# Requirement
Go through the listing below and write out exactly the lines from the one that mentions "Smead Carpeta de" through the one that mentions "DEADPOOL - Podświetlany", minus the pictures.

# Data extract
========

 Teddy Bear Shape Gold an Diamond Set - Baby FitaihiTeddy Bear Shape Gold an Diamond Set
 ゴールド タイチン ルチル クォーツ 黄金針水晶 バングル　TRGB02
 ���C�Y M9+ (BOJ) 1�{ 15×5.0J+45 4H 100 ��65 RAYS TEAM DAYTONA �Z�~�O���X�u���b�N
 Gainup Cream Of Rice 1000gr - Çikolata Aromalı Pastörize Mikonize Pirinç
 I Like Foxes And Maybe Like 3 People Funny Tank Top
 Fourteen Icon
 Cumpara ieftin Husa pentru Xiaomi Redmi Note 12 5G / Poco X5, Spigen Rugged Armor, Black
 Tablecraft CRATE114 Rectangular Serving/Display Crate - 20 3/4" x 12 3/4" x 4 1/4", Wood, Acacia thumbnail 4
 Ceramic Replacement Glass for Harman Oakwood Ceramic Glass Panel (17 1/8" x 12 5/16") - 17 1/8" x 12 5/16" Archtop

========

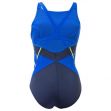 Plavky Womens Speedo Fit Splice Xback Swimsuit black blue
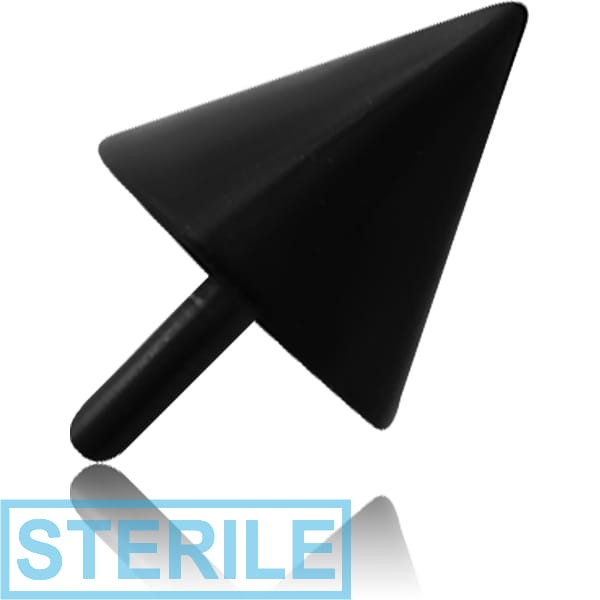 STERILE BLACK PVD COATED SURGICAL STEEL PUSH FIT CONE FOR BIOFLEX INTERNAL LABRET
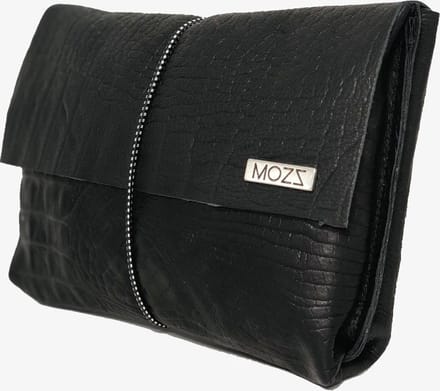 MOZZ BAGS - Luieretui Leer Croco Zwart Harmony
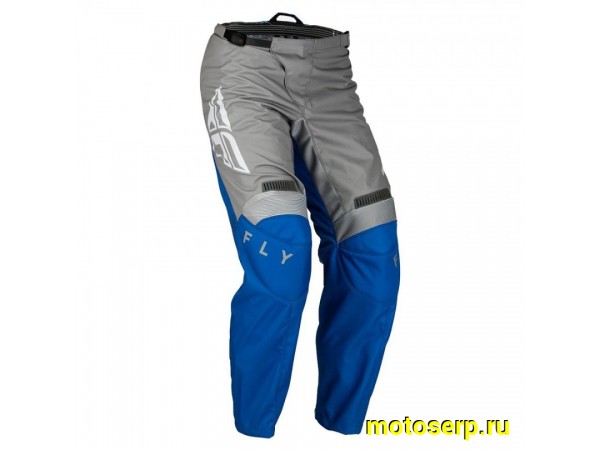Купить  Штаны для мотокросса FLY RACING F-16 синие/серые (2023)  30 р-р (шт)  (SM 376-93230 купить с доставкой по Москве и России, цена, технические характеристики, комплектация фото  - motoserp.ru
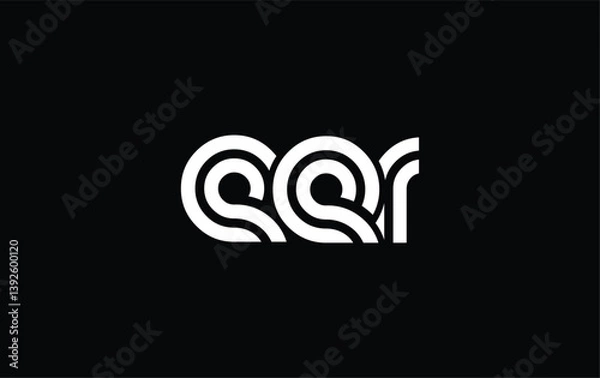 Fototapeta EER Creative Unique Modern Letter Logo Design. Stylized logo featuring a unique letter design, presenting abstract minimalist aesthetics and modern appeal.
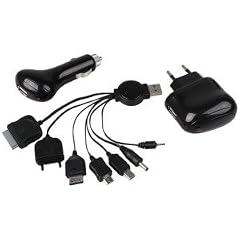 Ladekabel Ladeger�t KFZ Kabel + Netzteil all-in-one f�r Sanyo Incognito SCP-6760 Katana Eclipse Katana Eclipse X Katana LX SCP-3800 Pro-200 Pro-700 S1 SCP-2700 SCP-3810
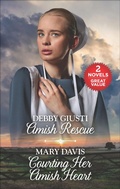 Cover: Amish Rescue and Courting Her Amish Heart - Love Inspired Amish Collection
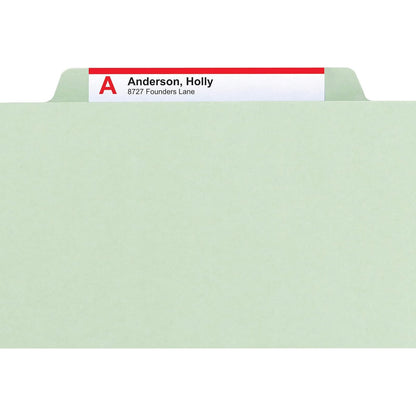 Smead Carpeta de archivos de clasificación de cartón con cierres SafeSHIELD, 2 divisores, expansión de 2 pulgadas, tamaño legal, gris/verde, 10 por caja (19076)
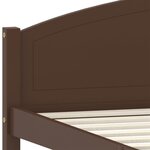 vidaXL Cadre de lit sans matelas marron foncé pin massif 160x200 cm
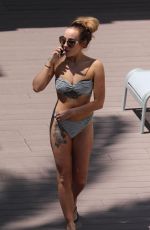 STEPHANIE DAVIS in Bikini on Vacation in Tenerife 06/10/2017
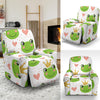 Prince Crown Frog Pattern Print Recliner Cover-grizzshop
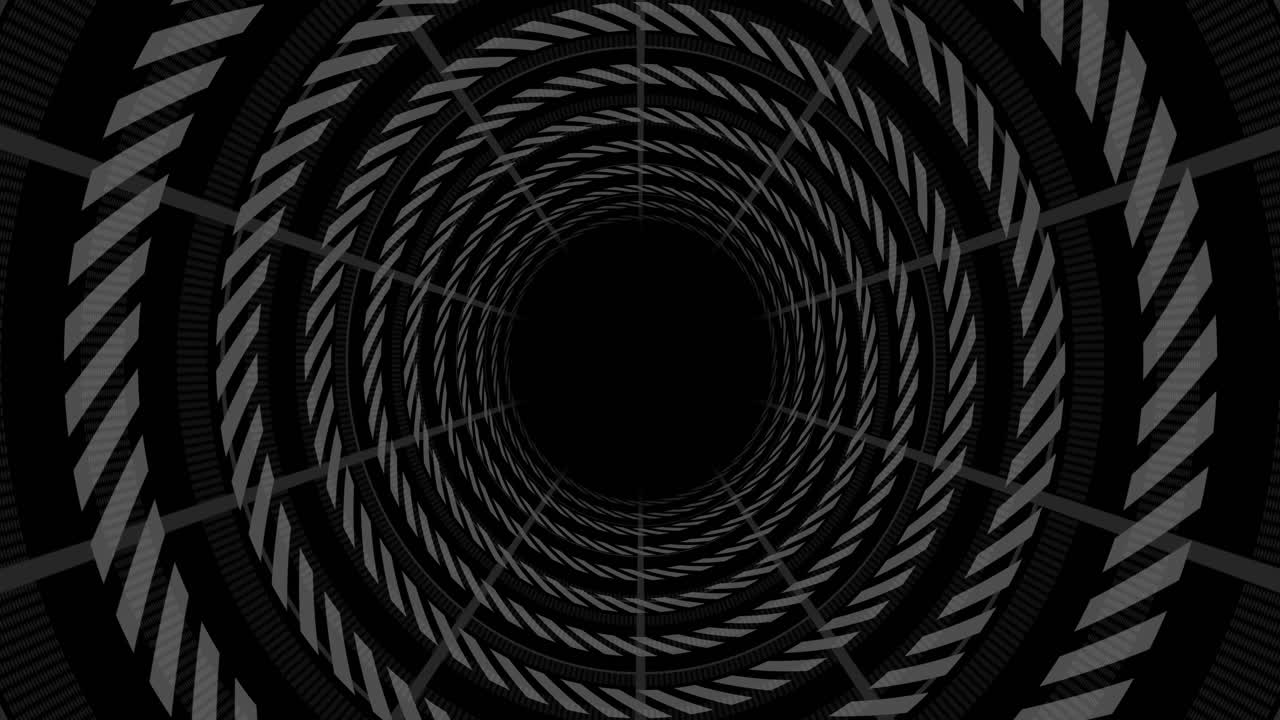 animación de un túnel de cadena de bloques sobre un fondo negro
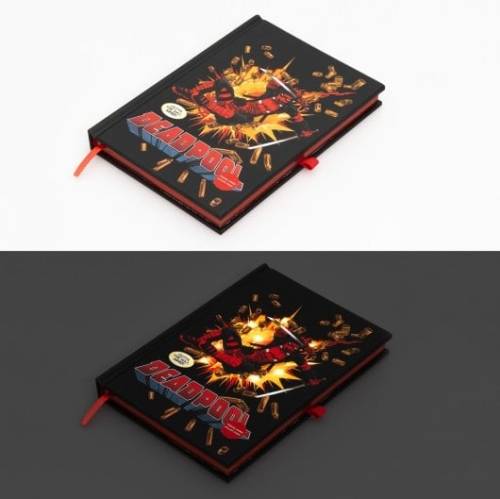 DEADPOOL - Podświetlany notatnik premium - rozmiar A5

========

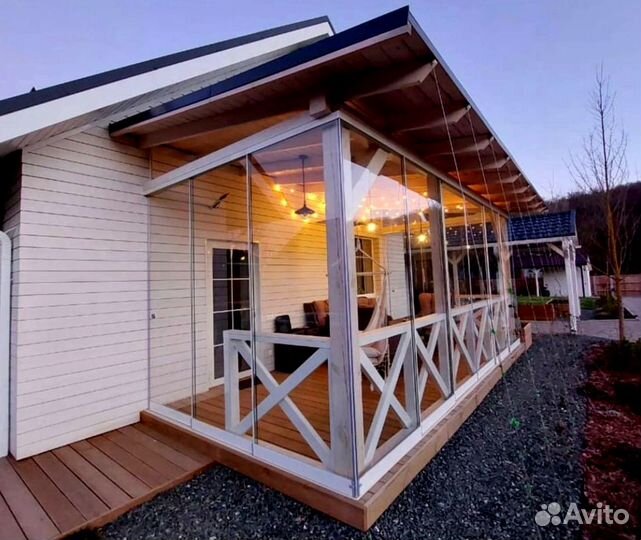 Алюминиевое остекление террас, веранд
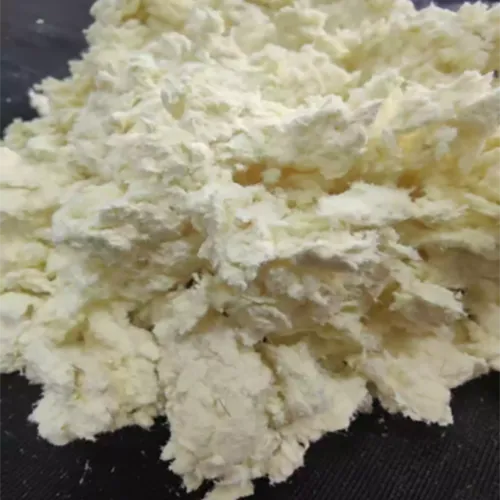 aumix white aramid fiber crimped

========

# Final answer
 Smead Carpeta de archivos de clasificación de cartón con cierres SafeSHIELD, 2 divisores, expansión de 2 pulgadas, tamaño legal, gris/verde, 10 por caja (19076)
 vidaXL Cadre de lit sans matelas marron foncé pin massif 160x200 cm
 STEPHANIE DAVIS in Bikini on Vacation in Tenerife 06/10/2017
 Prince Crown Frog Pattern Print Recliner Cover-grizzshop
 animación de un túnel de cadena de bloques sobre un fondo negro
 DEADPOOL - Podświetlany notatnik premium - rozmiar A5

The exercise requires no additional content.